Secondo paletto: “devono essere compiuti progressi evidenti per affrontare la valutazione del rischio di investimento”, ma bisogna anche individuare “fonti innovative di finanziamento settoriale e meccanismi creativi per affrontare oneri debitori irragionevoli”. In poche parole, Stiell ricorda che per mobilitare la finanza climatica necessaria bisogna davvero riformare l’architettura della finanza globale, a partire dalle massime istituzioni come Banca Mondiale e banche dello sviluppo regionali. Altrimenti non si andrà lontano. “Il 2024 è l’anno in cui le banche multilaterali di sviluppo dovranno dimostrare, con azioni concrete, la loro centralità nella lotta mondiale al clima e la loro determinazione a ottenere un impatto su vasta scala”, ricorda l’inviato Onu per il clima.
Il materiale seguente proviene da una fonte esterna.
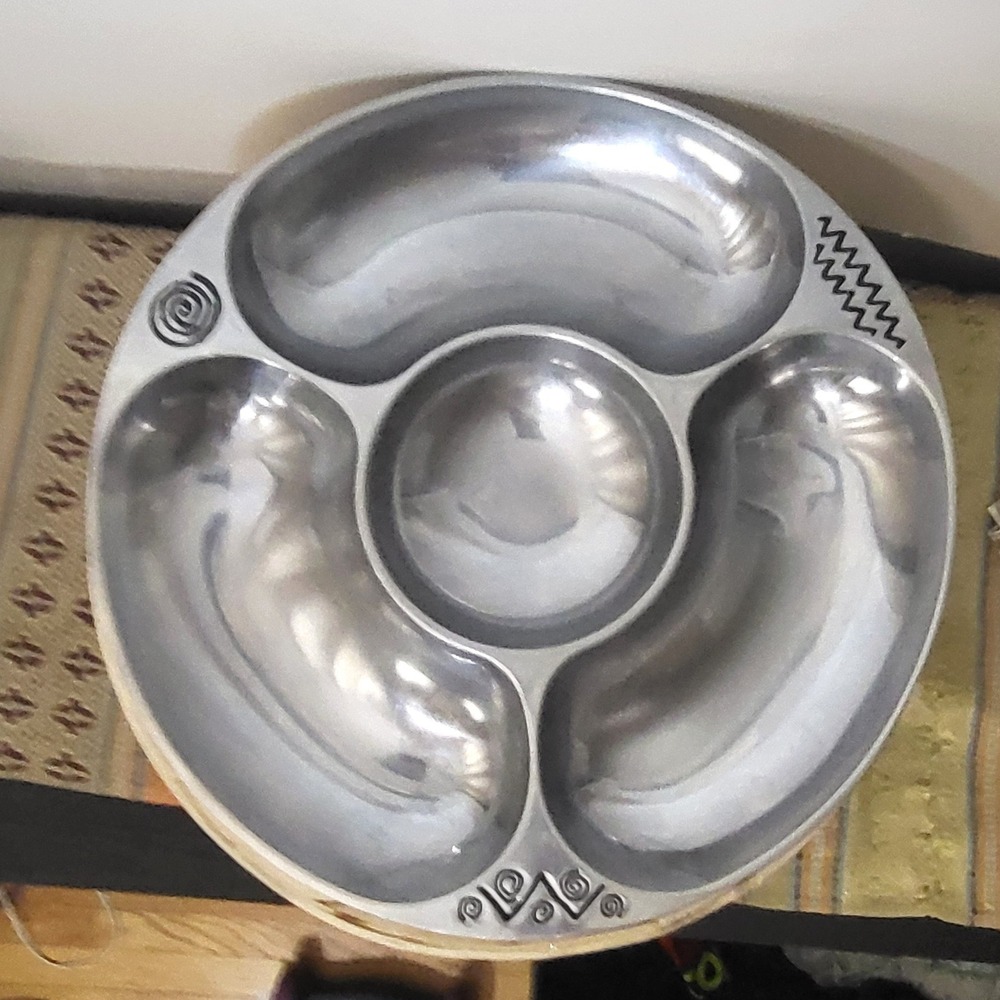 Wilton Armetale Pewter Divided Chip and Dip Platter Geometric Etched 14 Inch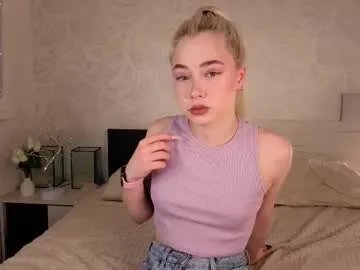 garden_flower — GOAL: make me cum [120 tokens remaining] ^^ : 999 #smalltits #18 #blonde #teen #squirt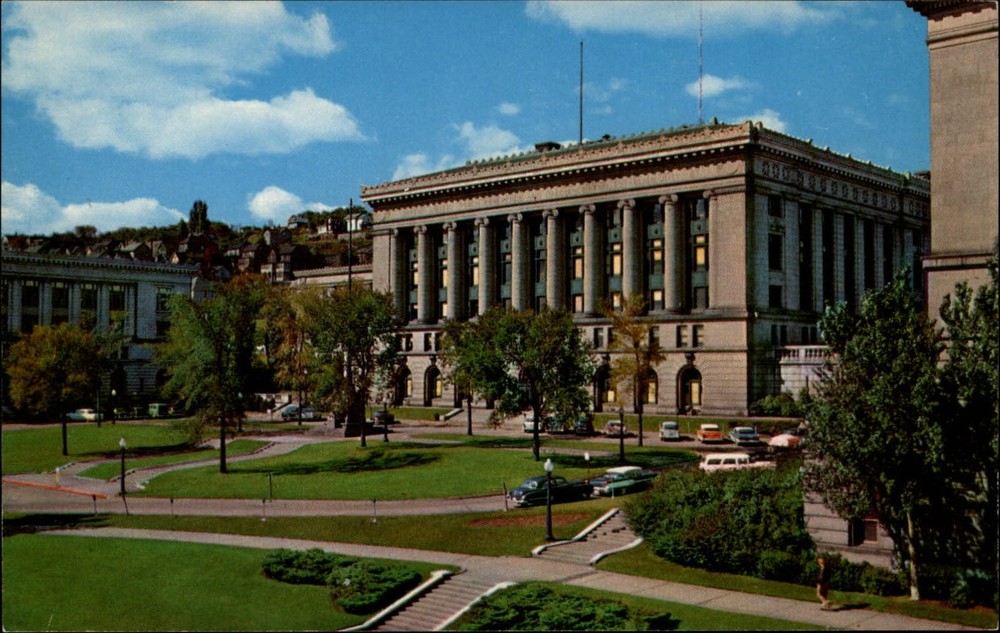 Duluth Minnesota ~ civic Center building ~ 1950s cars ~ postcard sku275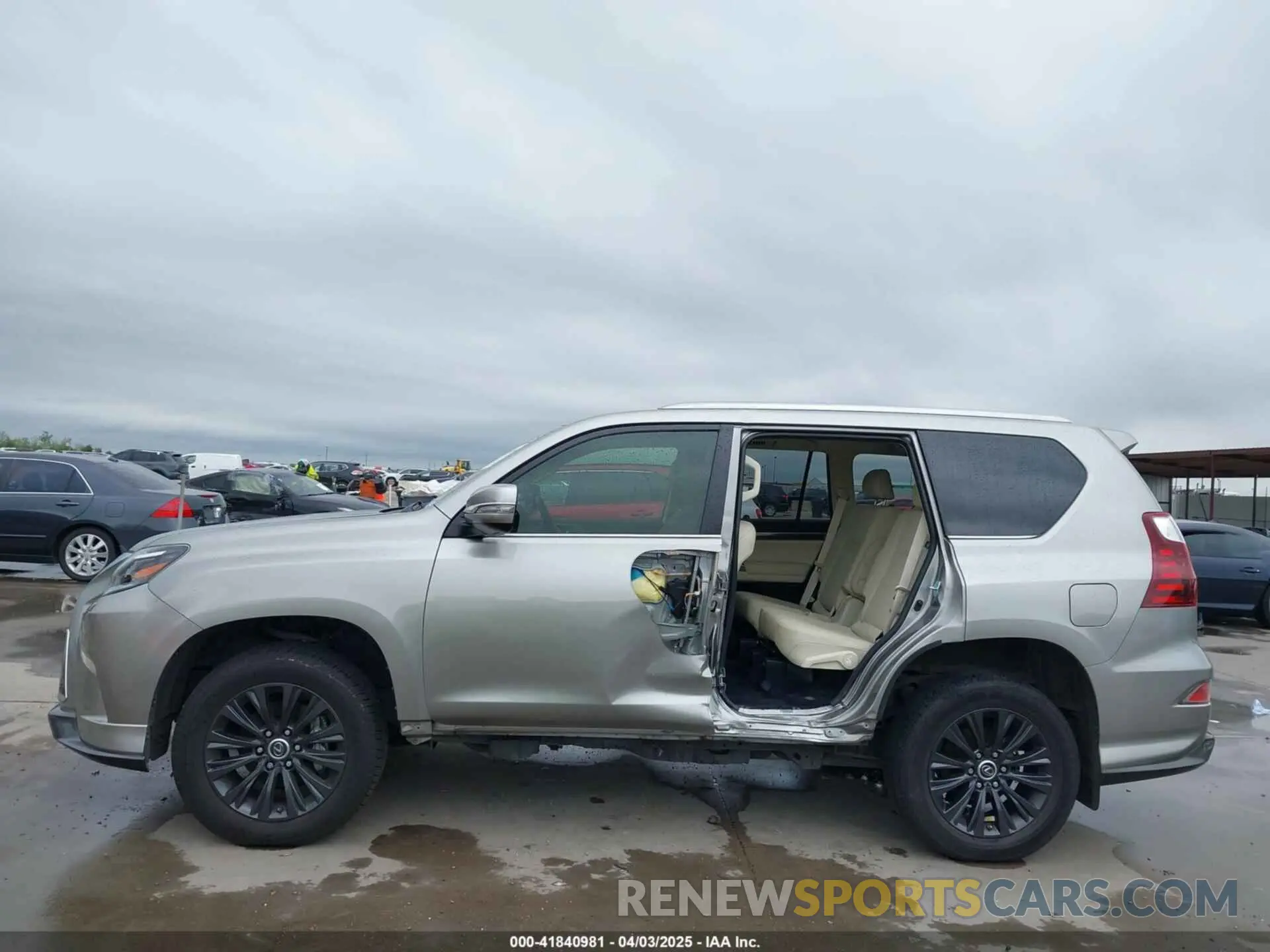 19 fotografías del automóvil dañado JTJAM7BX7L5257561 LEXUS GX 460 2020
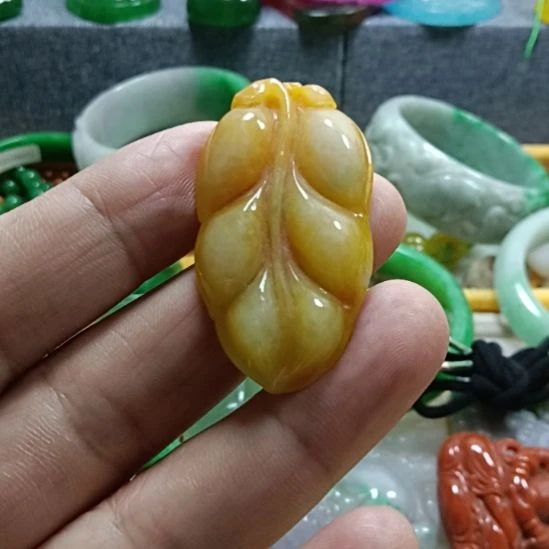 翡翠未镶嵌挂件翡翠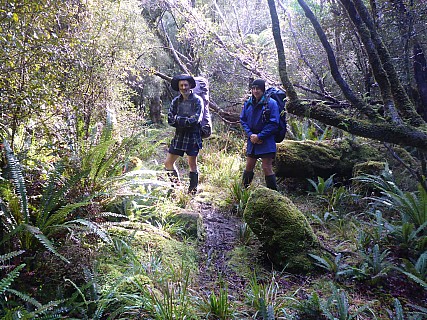 Brian and Jim on the track
Photographer;&nbsp;Simon
2019-11-14&nbsp;09.08.38;&nbsp;Metadata time: '2019 Nov 14 09:08'
Original size:&nbsp;4,608 x 3,456; 6,432 kB
Filename: 2019-11-14 09.08.38 P1030036 Simon - Brian and Jim on the track.jpeg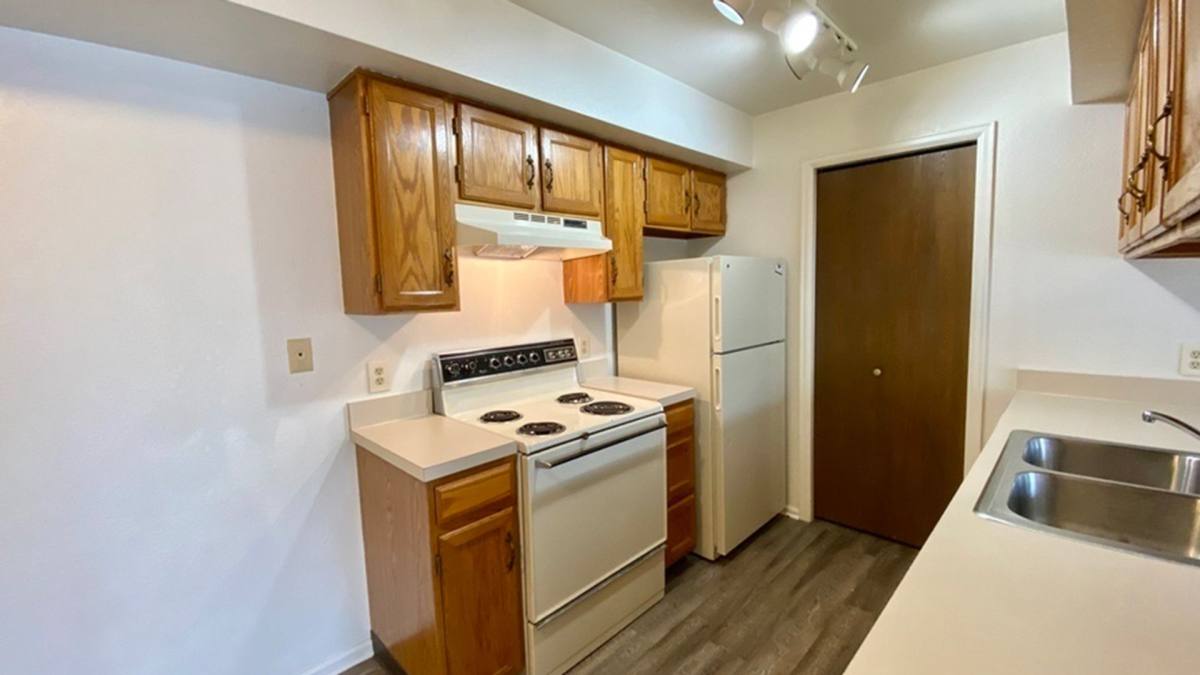 Apartment for rent at 551 W Prentice Ave, Littleton, CO 80120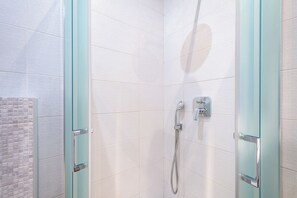 Apartment | Bathroom | Shower, hair dryer, towels, soap
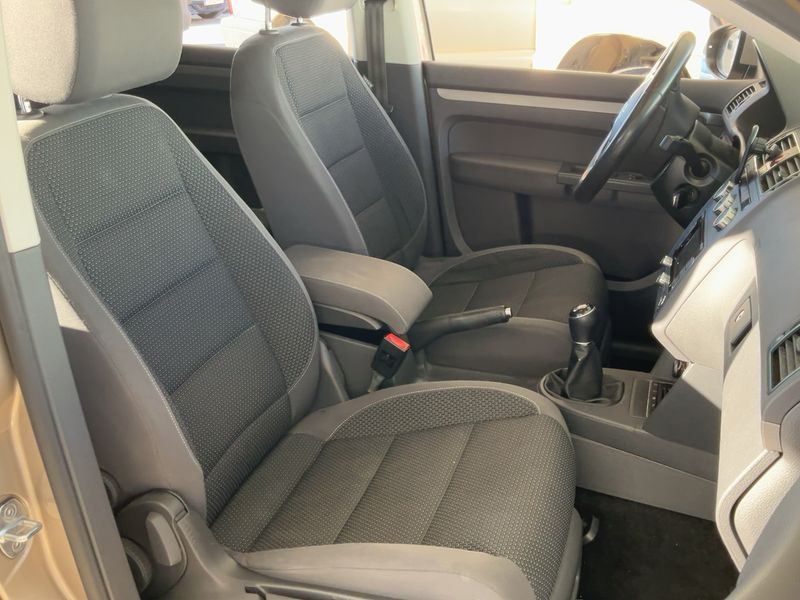 Volkswagen Touran 2.0 TDI Advance BlueMotion Tech 2014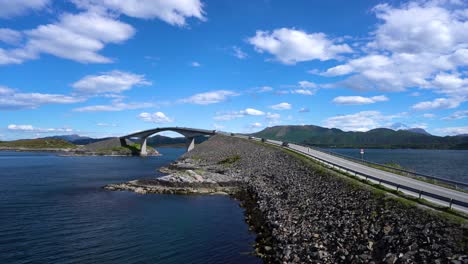 Atlantic-Ocean-Road-Norwegian-Construction-of-the-Century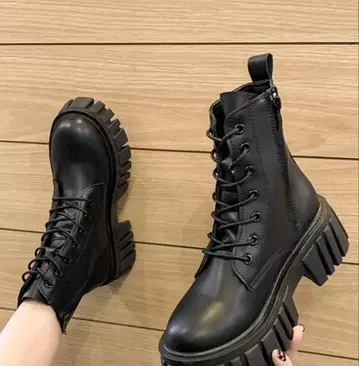 통굽 레이스업 부츠 블랙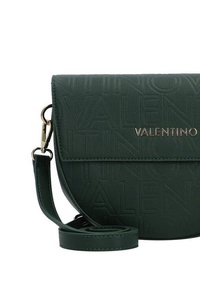 Sac bandoulière en cuir vert avec motif "VALENTINO" embossé, ferrures dorées et sangle réglable. Forme compacte et structurée.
E bisognerà fare tutto questo prestando attenzione a non creare nuove trappole del debito per i paesi che ricevono gli aiuti con lo schema della finanza per il clima post 2025. Ecco il terzo paletto. Queste stesse istituzioni finanziarie globali “dovrebbero compiere passi coraggiosi verso un’innovazione finanziaria che raddoppierà, se non triplicherà, la loro capacità finanziaria collettiva entro il 2030, in particolare per quanto riguarda le sovvenzioni e i finanziamenti agevolati”, cioè le forme di aiuti che meno incidono sul debito nazionale dei paesi che ricevono gli aiuti.